▶ **Task statement**: All of the data should be reproduced word for word, though its pictures must be omitted.

▶ **Listed records**:
================================

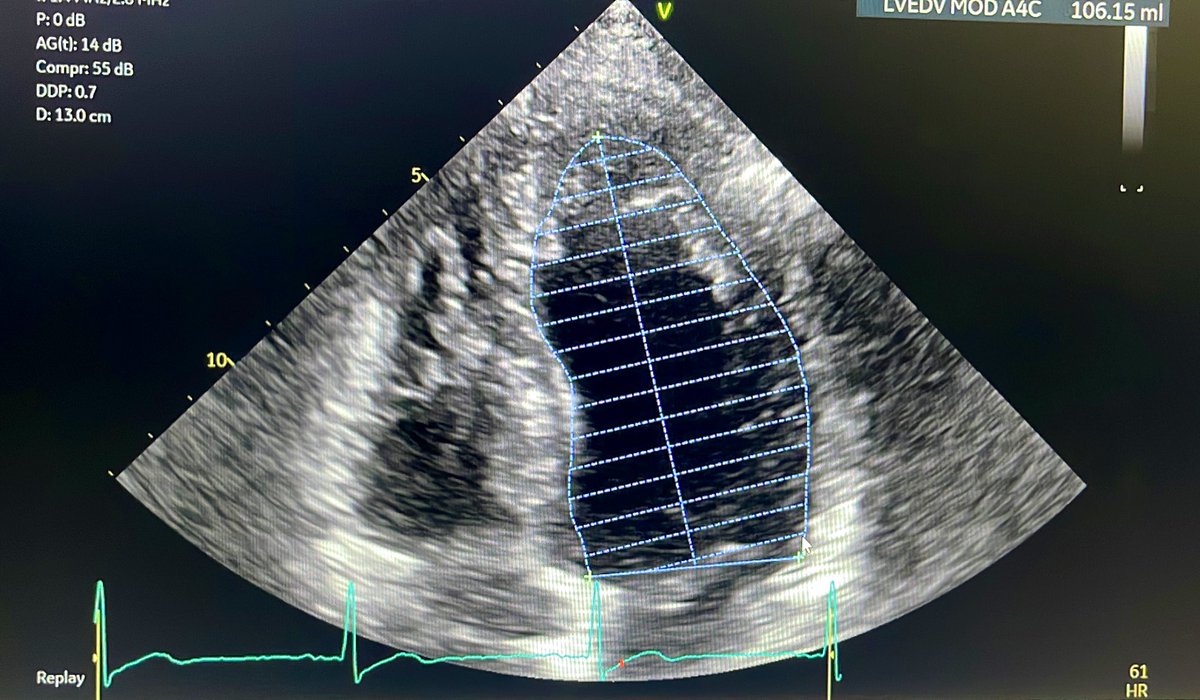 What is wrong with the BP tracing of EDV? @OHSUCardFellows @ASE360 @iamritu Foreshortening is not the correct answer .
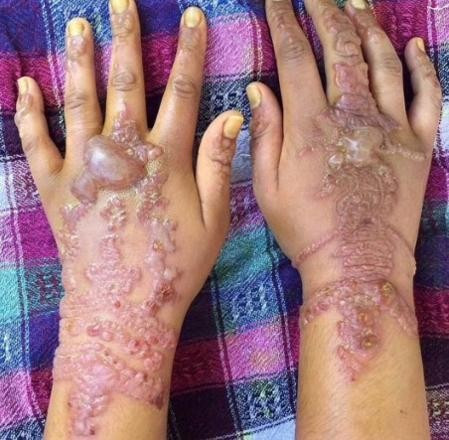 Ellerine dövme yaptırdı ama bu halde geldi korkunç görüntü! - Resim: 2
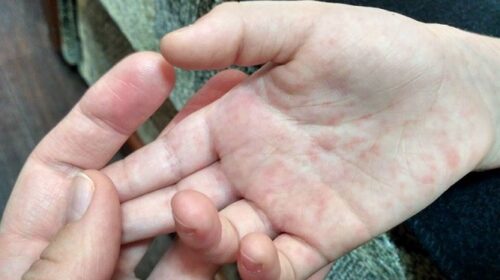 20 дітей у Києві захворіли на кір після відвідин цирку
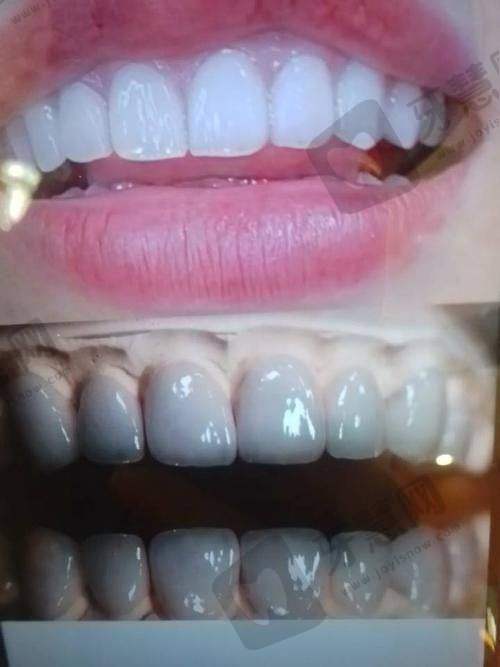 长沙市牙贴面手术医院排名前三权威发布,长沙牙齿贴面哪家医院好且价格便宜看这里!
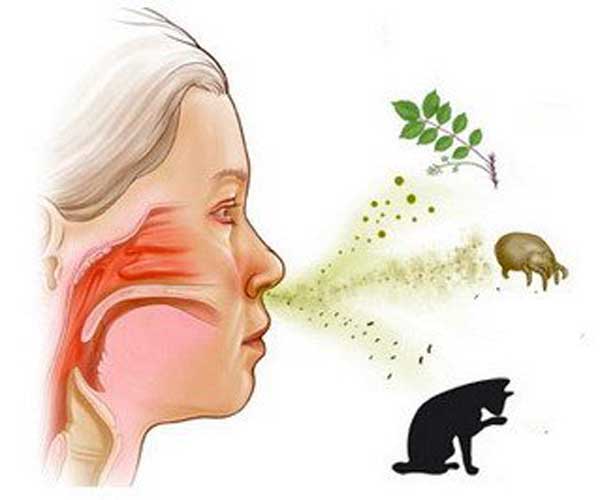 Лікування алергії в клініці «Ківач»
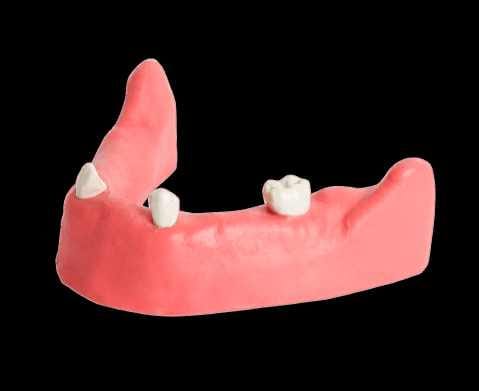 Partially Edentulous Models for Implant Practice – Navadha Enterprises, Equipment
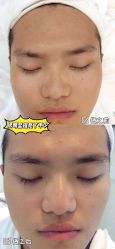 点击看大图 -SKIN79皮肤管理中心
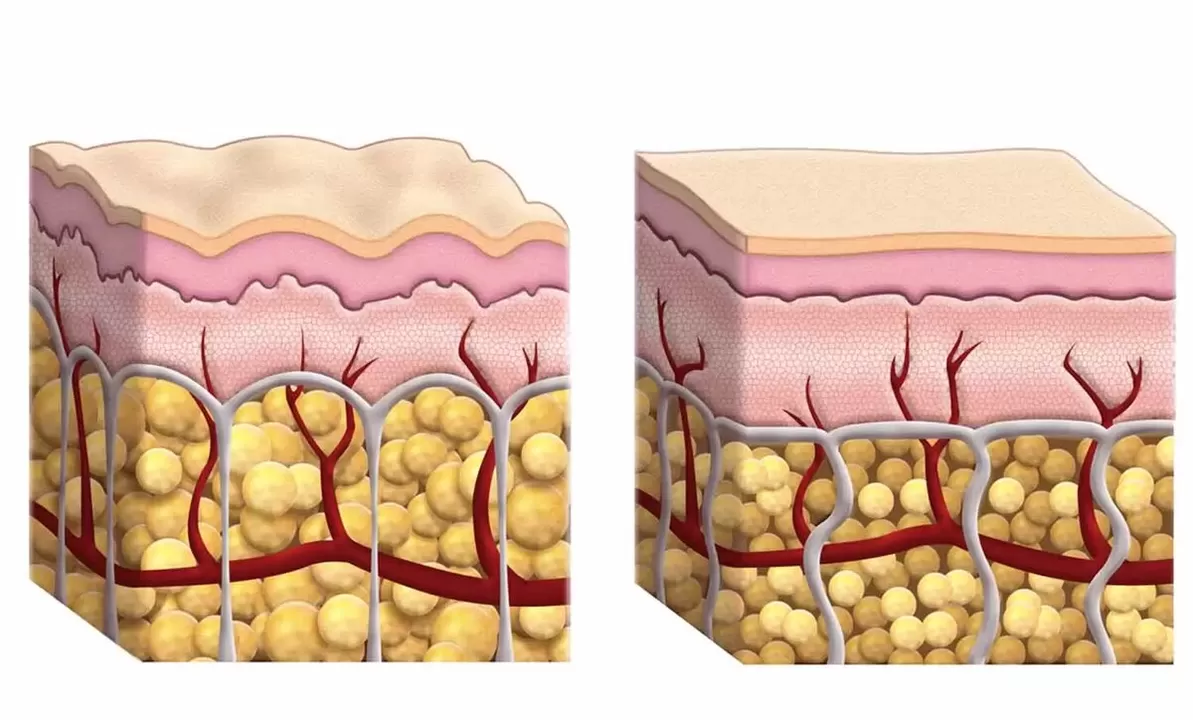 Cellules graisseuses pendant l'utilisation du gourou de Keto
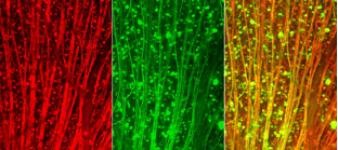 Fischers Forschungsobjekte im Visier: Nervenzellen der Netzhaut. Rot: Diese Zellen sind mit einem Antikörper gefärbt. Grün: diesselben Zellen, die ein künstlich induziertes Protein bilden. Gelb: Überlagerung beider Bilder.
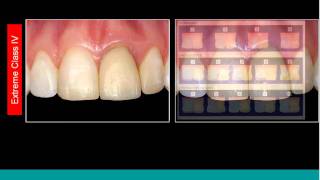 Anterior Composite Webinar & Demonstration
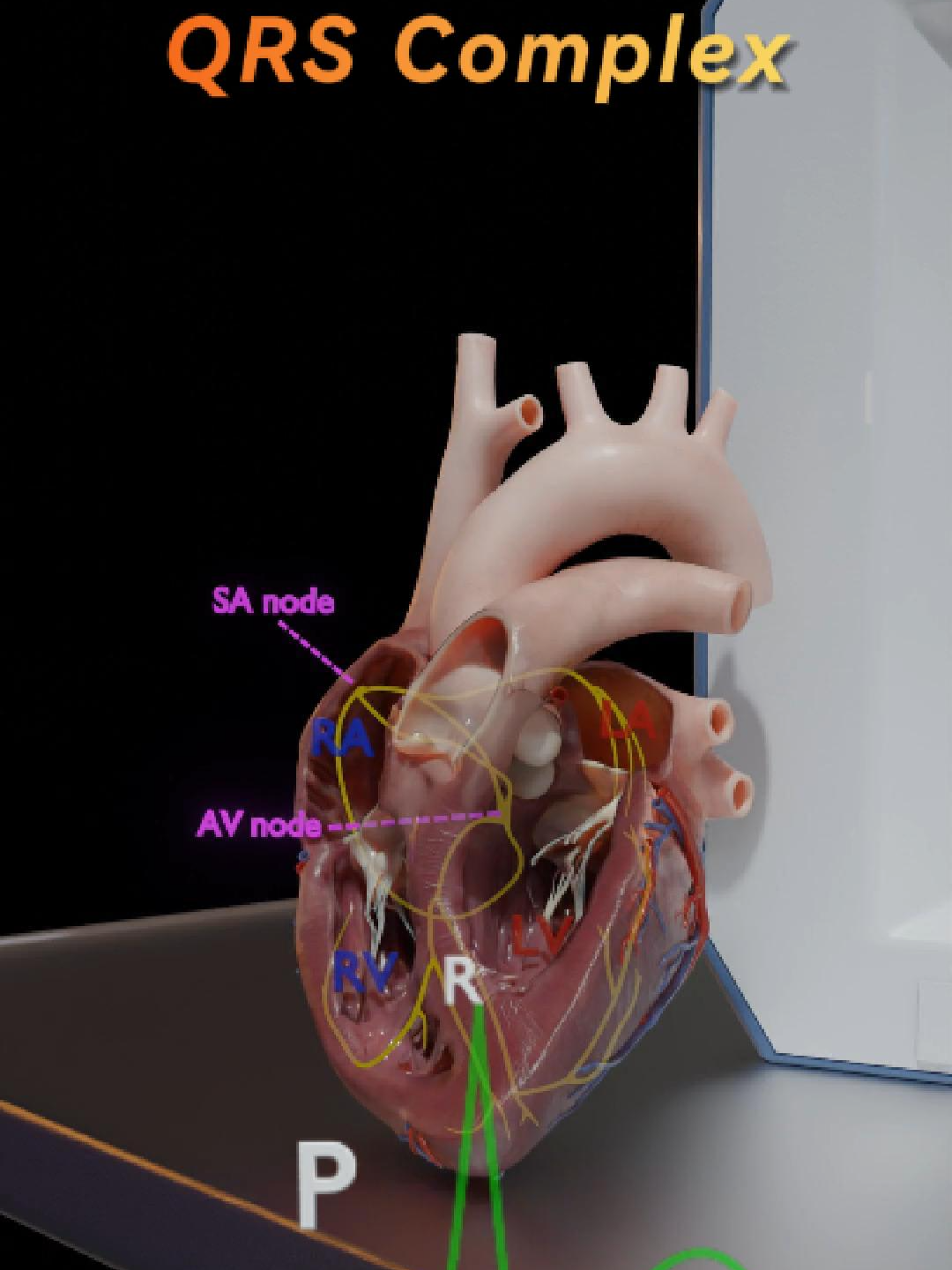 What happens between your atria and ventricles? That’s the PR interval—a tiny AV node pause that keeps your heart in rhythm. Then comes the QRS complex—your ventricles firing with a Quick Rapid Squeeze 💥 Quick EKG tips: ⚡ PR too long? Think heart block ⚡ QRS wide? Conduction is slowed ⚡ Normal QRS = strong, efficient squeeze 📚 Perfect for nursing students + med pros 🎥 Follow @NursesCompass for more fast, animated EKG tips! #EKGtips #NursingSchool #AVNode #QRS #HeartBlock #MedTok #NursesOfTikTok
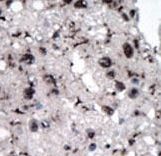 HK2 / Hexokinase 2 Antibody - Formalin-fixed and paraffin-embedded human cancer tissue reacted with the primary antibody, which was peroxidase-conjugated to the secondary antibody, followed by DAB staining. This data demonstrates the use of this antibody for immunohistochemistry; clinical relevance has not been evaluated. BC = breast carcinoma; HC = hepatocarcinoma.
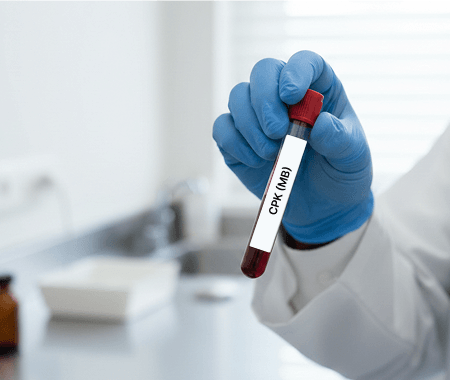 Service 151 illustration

================================

▶ **Response to this task**:
 What is wrong with the BP tracing of EDV? @OHSUCardFellows @ASE360 @iamritu Foreshortening is not the correct answer .
 Ellerine dövme yaptırdı ama bu halde geldi korkunç görüntü! - Resim: 2
 20 дітей у Києві захворіли на кір після відвідин цирку
 长沙市牙贴面手术医院排名前三权威发布,长沙牙齿贴面哪家医院好且价格便宜看这里!
 Лікування алергії в клініці «Ківач»
 Partially Edentulous Models for Implant Practice – Navadha Enterprises, Equipment
 点击看大图 -SKIN79皮肤管理中心
 Cellules graisseuses pendant l'utilisation du gourou de Keto
 Fischers Forschungsobjekte im Visier: Nervenzellen der Netzhaut. Rot: Diese Zellen sind mit einem Antikörper gefärbt. Grün: diesselben Zellen, die ein künstlich induziertes Protein bilden. Gelb: Überlagerung beider Bilder.
 Anterior Composite Webinar & Demonstration
 What happens between your atria and ventricles? That’s the PR interval—a tiny AV node pause that keeps your heart in rhythm. Then comes the QRS complex—your ventricles firing with a Quick Rapid Squeeze 💥 Quick EKG tips: ⚡ PR too long? Think heart block ⚡ QRS wide? Conduction is slowed ⚡ Normal QRS = strong, efficient squeeze 📚 Perfect for nursing students + med pros 🎥 Follow @NursesCompass for more fast, animated EKG tips! #EKGtips #NursingSchool #AVNode #QRS #HeartBlock #MedTok #NursesOfTikTok
 HK2 / Hexokinase 2 Antibody - Formalin-fixed and paraffin-embedded human cancer tissue reacted with the primary antibody, which was peroxidase-conjugated to the secondary antibody, followed by DAB staining. This data demonstrates the use of this antibody for immunohistochemistry; clinical relevance has not been evaluated. BC = breast carcinoma; HC = hepatocarcinoma.
 Service 151 illustration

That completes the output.